Levi Lincoln, Jr., son of Governor Levi Lincoln and brother of Governor Enoch Lincoln, was born on October 25, 1782 in Worcester, Massachusetts. He attended Leicester Academy in Leicester, Massachusetts, and graduated from Harvard University in 1802. He then studied law, was admitted to the bar in 1805, and established a very successful legal practice in Worcester. He served in the Massachusetts State Senate in 1812 and 1813, and as a member of the State House of Representatives from 1814 through 1822. In 1820, while still a state representative, Lincoln served as a delegate to the Massachusetts State Constitutional Convention. In 1823 he served as lieutenant governor of the state, and in 1824 he secured an appointment on the bench of the Massachusetts Supreme Court. He was elected governor of Massachusetts in 1825, and won his next eight bids for reelection. After declining o run for a tenth term, Lincoln left office on January 2, 1834. He was immediately elected to the United State House of Representatives to fill the vacancy left by the resignation of John Davis, taking office on February 17, 1834. He remained there until his resignation on March 16, 1841, part of the time serving as chairman of the Committee on Public Buildings and Grounds. He was appointed collector of the port of Boston in 1841 by President William Henry Harrison, and served in that capacity until 1843. Lincoln returned to the state senate in 1844 and 1845, and served as mayor of Worcester in 1848. Slowed somewhat due to age, Lincoln served as a Whig presidential elector in 1848, and later as a Republican elector in 1864. Levi Lincoln, Jr. died on May 29, 1868 in Worcester. Massachusetts, and was buried in the local Rural Cemetery. Note - Levi Lincoln Jr .was distantly related to President Abraham Lincoln, both sharing a common ancestor in one Samuel Lincoln, who settled in Hingham, Massachusetts in the 17th Century.

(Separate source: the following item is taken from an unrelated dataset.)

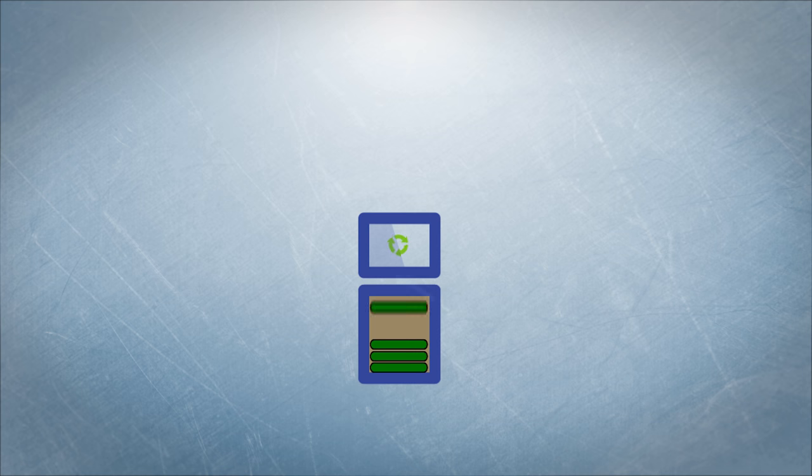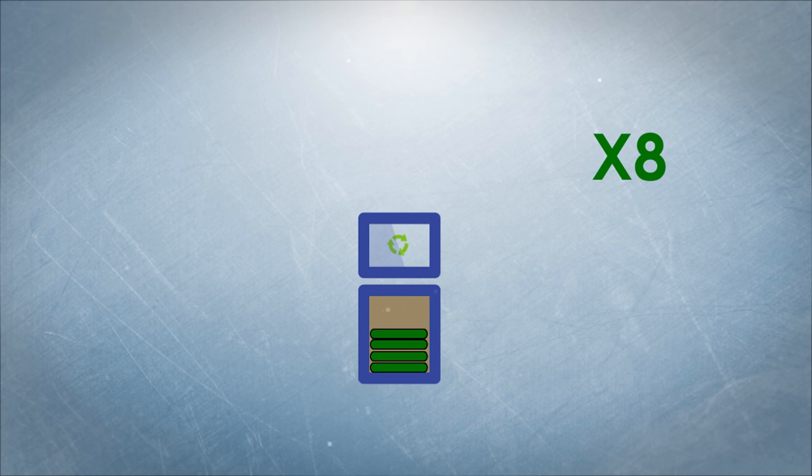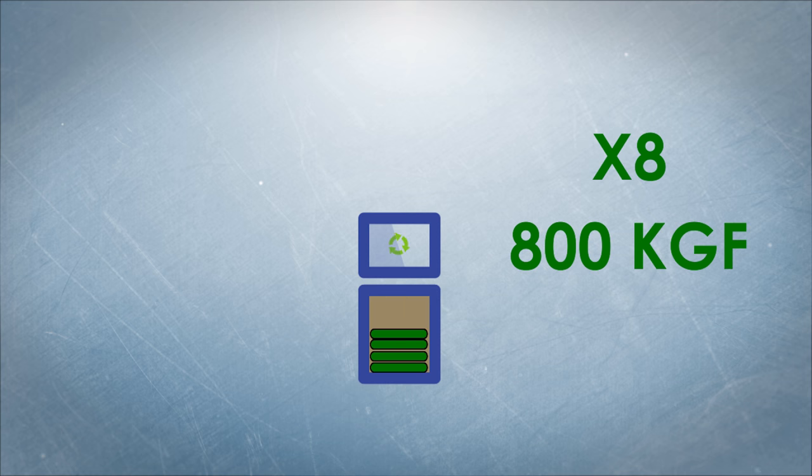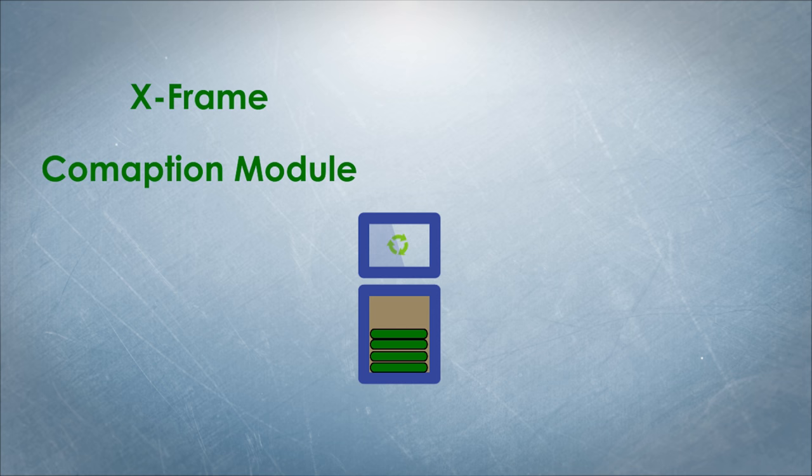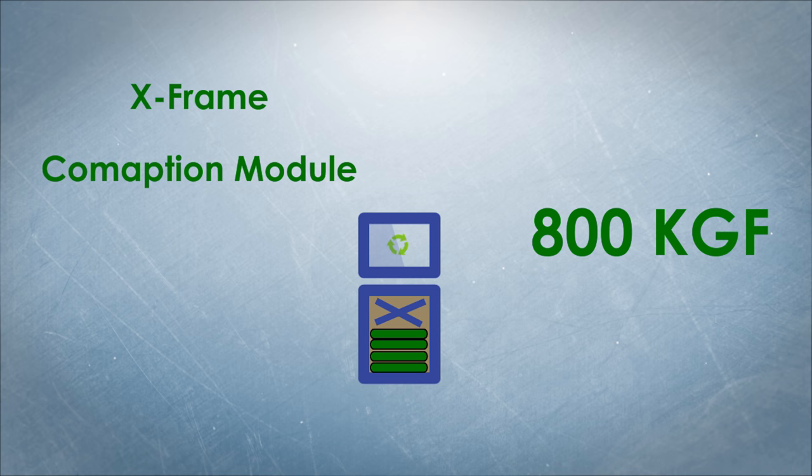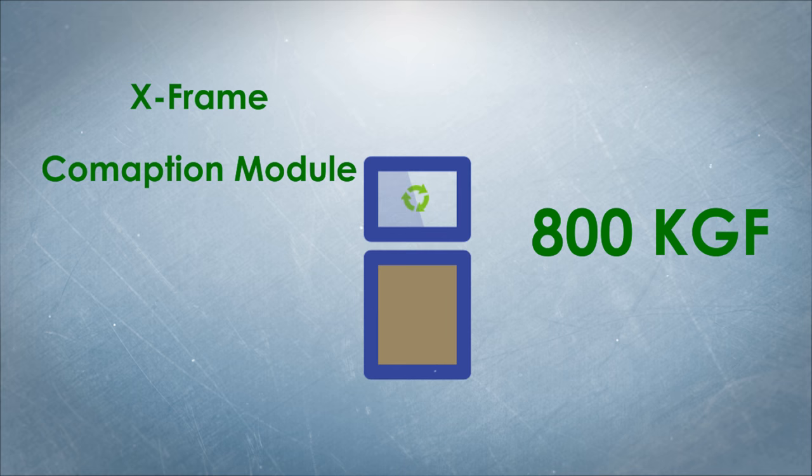The bin is linked to a smart compactor that compresses the garbage eight times more than normal ones, up to 800 kilogram force. The X-Frame compaction module provides this powerful compression capability.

Offered is an official Massachusetts document appointing “Silas Sawyer, Junr. of Templeton” as a “... Pay Master ...” of the “... fifth Regiment of Infantry, in the second Brigade, and sixth Division of the Militia of this Commonwealth ...”. The appointment is being made by “HIS EXCELLENCY Levi Lincoln, GOVERNOR AND COMMANDER IN CHIEF OF THE Commonwealth of Massachusetts ...”, and along with the position of Paymaster, Sawyer is to carry the rank of “... Lieutenant ...”. The document is boldly signed at the left by “Levi Lincoln” in his capacity as governor, and at the conclusion by “Edward S. Bangs” as “Secretary of the Commonwealth”. Immediately above Lincoln’s signature is a large, cream colored seal of the commonwealth. The document was issued “... the sixteenth day of July, in the Year of our Lord One Thousand Eight Hundred and twenty-eight ...”, with a certification of the verso that states “... That Silas Sawyer Jr Commissioned as within, on this 14th day of October A. D. 1828, personally appeared, and took and subscribed the Oaths and Declarations, required by the Constitution and Laws of this Commonwealth ...”. This certification is signed by “Elmer Newton” in his capacity as “Col.” (presumably of the 5th Regiment). Due to the large size of this document, numerous filing folds (both horizontal and vertical) are present. Several small holes have developed at the junctions of these folds, with some paper separations noted at the edges (some have been strengthened with acid free tape). Light toning is present along the fold lines, somewhat darker on the verso. All of the manuscript portions, including Lincoln’s signature are sharp and bold, except for the writing on the verso. Overall measurements are approximately 9.75 x 15.75 inches. A sharp example of this long serving governor.